My first introduction to DevOps was probably via tools like Puppet and Chef, a new breed of configuration management tool. Though Puppet had already been around for quite a while and was steadily gaining in popularity, Chef arrived at around the same time that the DevOps movement began. So with all the overlapping blog posts on the two, it’s all too easy to take and automation tool like Chef and come up with a very literal (and very wrong) definition: Chef/Puppet = Automation Software = Infrastructure as Code = Development + Operations = DevOps! Got it! Well, not quite…

By the end of day two I think I finally had it sorted out. DevOps isn’t just about fancy tools or automation or “infrastructure as code” or anything of the sort; no, it’s really quite simple: it’s the culture, stupid!

In hindsight it’s very telling that there were nearly no scheduled talks about tools (Etsy’s Morgue being the lone exception, but I’ll come back to that) — this wasn’t a conference for learning about shiny new toys like Ansible or Salt, but instead for learning about DevOps culture.

John Willis probably describes it best with his acronym, CAMS: Culture, Automation, Measurement, Sharing. So measurement and automation facilitate a culture of collaboration and sharing between teams. Not just dev and ops, but also QA, product, and really just about every single group in the organization. So tools are important, but culture comes first. If you don’t get the culture right, the tools aren’t going to help. If your teams don’t communicate, the tools alone won’t save you. Remember, the goal is to ship better product, not to ship crap products more quickly.

(Kris Buytaert added lean to the mix to create CLAMS, which is great, but not absolutely necessary. Your org doesn’t have to be lean or agile in order to benefit from a DevOps culture, but DevOps is essential to efficiently do agile well.)

What Is DevOps Culture?

Engineering teams have traditionally been siloed in their own little worlds. The usual software development cycle goes something like this: developers work on a release for six months with no involvement from the operations team and when it’s ready to go into production, simply “throw it over the wall” to ops. So it’s no surprise that memes like this one hit all too close home:

DevOps is a reaction to the increasing tensions between various groups in the engineering organization; an attempt to call a cease fire and get them to work together, rather than continue their petty turf wars. There were repeated calls last week to break down those silos, collaborate and share more, though at the same time, while great in theory, there was very little in the way of “here’s how you do it,” only examples of how not to do it.

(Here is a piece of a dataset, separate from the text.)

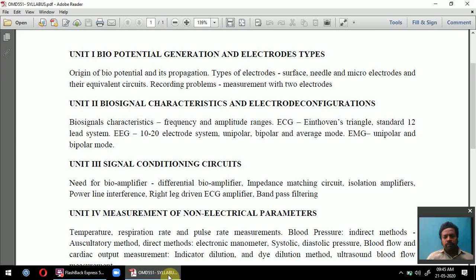For ECG measurement, we use the standard 12-lead electrode system. For EEG measurement, the 10-20 electrode system is used. Electrode types include unipolar and bipolar configurations. EMG — electromyogram — is another measurement used to measure muscle signals, also covered in Unit 2.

DevOps Culture Is Blameless Culture

One talk which I thought at least indirectly shed some light on the topic was Bethany Macri’s introduction to Morgue — Etsy’s new open source tool for collecting post-mortem information after a production failure. While the tool itself is intriguing, the most interesting part of the talk for me was the description of their “blameless” post-mortem process, which although I had seen John Allspaw talk about it a couple of years ago ( blog post, video), now when presented within the larger DevOps context really started to click.

What is it?

Having a “blameless” Post-Mortem process means that engineers whose actions have contributed to an accident can give a detailed account of:

  • what actions they took at what time,
  • what effects they observed,
  • expectations they had,
  • assumptions they had made,
  • and their understanding of timeline of events as they occurred.

…and that they can give this detailed account without fear of punishment or retribution.

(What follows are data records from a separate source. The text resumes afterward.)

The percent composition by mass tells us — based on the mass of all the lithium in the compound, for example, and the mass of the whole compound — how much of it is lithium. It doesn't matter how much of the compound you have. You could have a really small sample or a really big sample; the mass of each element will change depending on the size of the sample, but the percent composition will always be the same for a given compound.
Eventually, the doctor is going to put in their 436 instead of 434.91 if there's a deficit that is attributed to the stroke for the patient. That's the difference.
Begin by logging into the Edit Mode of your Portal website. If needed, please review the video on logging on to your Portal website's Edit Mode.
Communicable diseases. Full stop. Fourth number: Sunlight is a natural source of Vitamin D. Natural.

— via Blameless PostMortems and a Just Culture

What it boils down to is this: once you put all blame aside, you get an honest understanding of what happened and why. Willis alludes to the same idea in his anecdote for the definition of Sharing:

Jody Mulkey, the CIO at Shopzilla, told me that they get in the war room the developers and operations teams describe the problem as the enemy, not each other.

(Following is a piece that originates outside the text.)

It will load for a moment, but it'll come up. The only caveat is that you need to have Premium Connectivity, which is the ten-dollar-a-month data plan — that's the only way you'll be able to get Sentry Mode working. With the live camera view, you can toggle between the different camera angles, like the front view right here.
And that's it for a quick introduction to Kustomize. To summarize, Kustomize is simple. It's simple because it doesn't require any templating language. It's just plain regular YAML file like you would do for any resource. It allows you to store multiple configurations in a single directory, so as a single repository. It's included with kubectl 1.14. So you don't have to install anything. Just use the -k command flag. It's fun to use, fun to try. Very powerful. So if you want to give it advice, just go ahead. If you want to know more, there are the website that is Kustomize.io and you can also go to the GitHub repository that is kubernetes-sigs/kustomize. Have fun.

Blameless culture can also be applied to the engineering org as a whole, throughout the entire development lifecycle; not just during post-mortems. If you can get people across various teams to step back for a second and realize that everyone is working towards the same basic goal in the interests of the company, you can hopefully move the group in a more open and collaborative direction. Teams should be willing to accept input from other teams, even if unprompted. It’s not because your code sucks, it’s because we think it can be better, and if the result is better, we all win, right?

Some actionable advice

Etsy gives us some very actionable advice for running post-mortems in a blameless way, but how do we apply this to the rest of the organization? The best answer I’ve been able to come up with is in the form of more questions, asked by people wearing different hats in an organization:

Developers:

  • What can I do to help ops? Are there changes to the build process I can make so my app is easier to deploy? Easier to monitor? A more usable log format? What can we do in the app to mitigate the production incident we just had?
  • Making architecture changes? Need to add a queue? I should involve ops in the discussion.
  • What about a tighter feedback loop with QA?

QA:

  • What’s going on in production? Can I see logs? Metrics?
  • What’s the current build running right now? What’s the configuration?

Operations:

  • What information can I provide back to dev & qa from our various environments? Do they need access to logs or metrics?
  • Do we have clear, standard processes for the build/deploy/postmortem (support) phases?

Business:

  • What’s in production right now?
  • How often do we deploy? Are they features or fixes going out?
  • What’s the error rate?
  • How’s performance?

The common thread here is visibility into what’s going on, not in any one area, but everywhere. This is where automation and tooling plays a huge role because answering a lot of these questions without the right tools would be far too time consuming to have any chance of actually getting an answer, much less with any regularity.